Gunungkidul, Aris melanjutkan, lebih dekat dengan Kerajaan Mataram Kuno pada masa Dinasti Syailendra yang berkuasa hingga abad X. Bukti arkeologisnya berupa reruntuhan Candi Risan di Kecamatan Semin, Gunungkidul. Orang-orang pada periode itu menganut Buddha.
Aris menyimpulkan dusun itu termasuk tua dan terasing. Istilahnya wanua. Ketika Majapahit runtuh pada awal abad XVI, banyak orang menganggap diri mereka sebagai penerus kerajaan dan tinggal di pelosok yang jauh dari keramaian. Di lokasi seperti Dusun Wotawati itulah para brahmana atau agamawan hidup menyendiri dan mempelajari kitab suci. Sebutannya, kata dia, adalah mandala, mirip pesantren dalam tradisi Islam.
Kisah brahmana menyendiri di wanua-wanua terasing itu disebut dalam kitab Sutasoma karya Empu Tantular. Ada juga dalam sastra Jawa Pararaton serta kitab Negara Kertagama bikinan Empu Prapanca pada masa Majapahit. "Mandala itu nyambung dengan cerita menyembah Dewa Matahari," ujarnya.

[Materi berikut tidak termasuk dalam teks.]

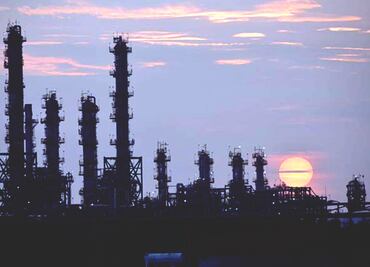 Petróleo mexicano sube a 66.22 dólares, su mayor precio desde el sexenio de Peña Nieto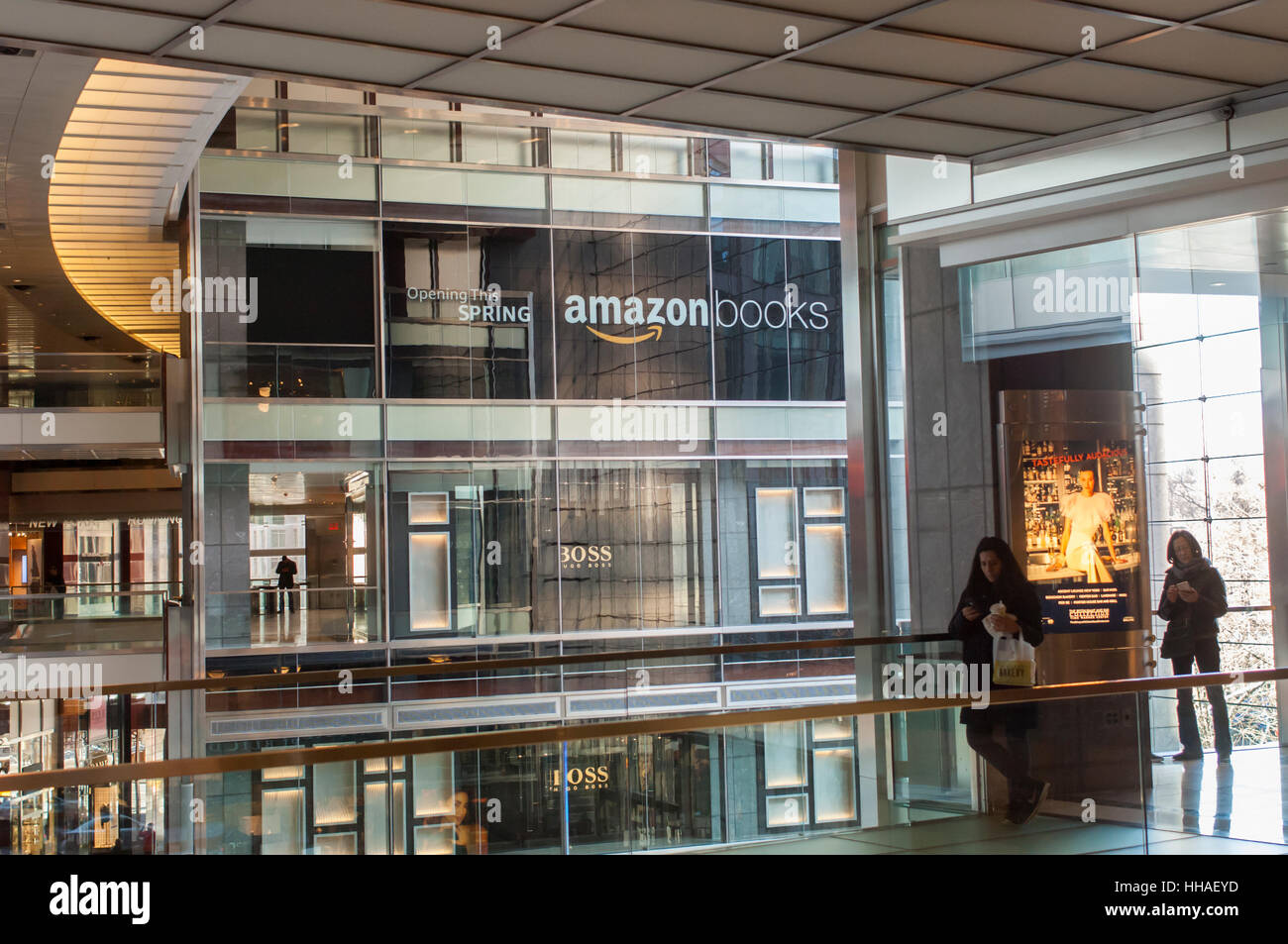 Amazon bookstore in time warner center hi-res stock photography and ...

Warga Dusun Wotawati beraktivitas di Girisubo, Kabupaten Gunung Kidul, Daerah Istimewa Yogyakarta, 29 Januari 2025. Tempo/Shinta Maharani
Penyembahan terhadap Dewa Matahari, Aris melanjutkan, dikenal sejak zaman Weda kuno di India sebelum datang ke Jawa. Hindu Saura merupakan aliran kepercayaan atau sekte yang memuja Dewa Matahari atau Aditya. Saura berasal dari bahasa Sanskerta yang berarti matahari. Namun, kata dia, jumlah pemujanya sedikit. Kalah populer oleh Dewa Siwa dan Wisnu.
Aris menilai Dusun Wotawati istimewa karena lambatnya kehadiran matahari karena terhalang oleh gugusan karst Gunung Sewu. "Matahari sangat berperan penting bagi mereka. Itulah mengapa ada pemujaan," ucapnya.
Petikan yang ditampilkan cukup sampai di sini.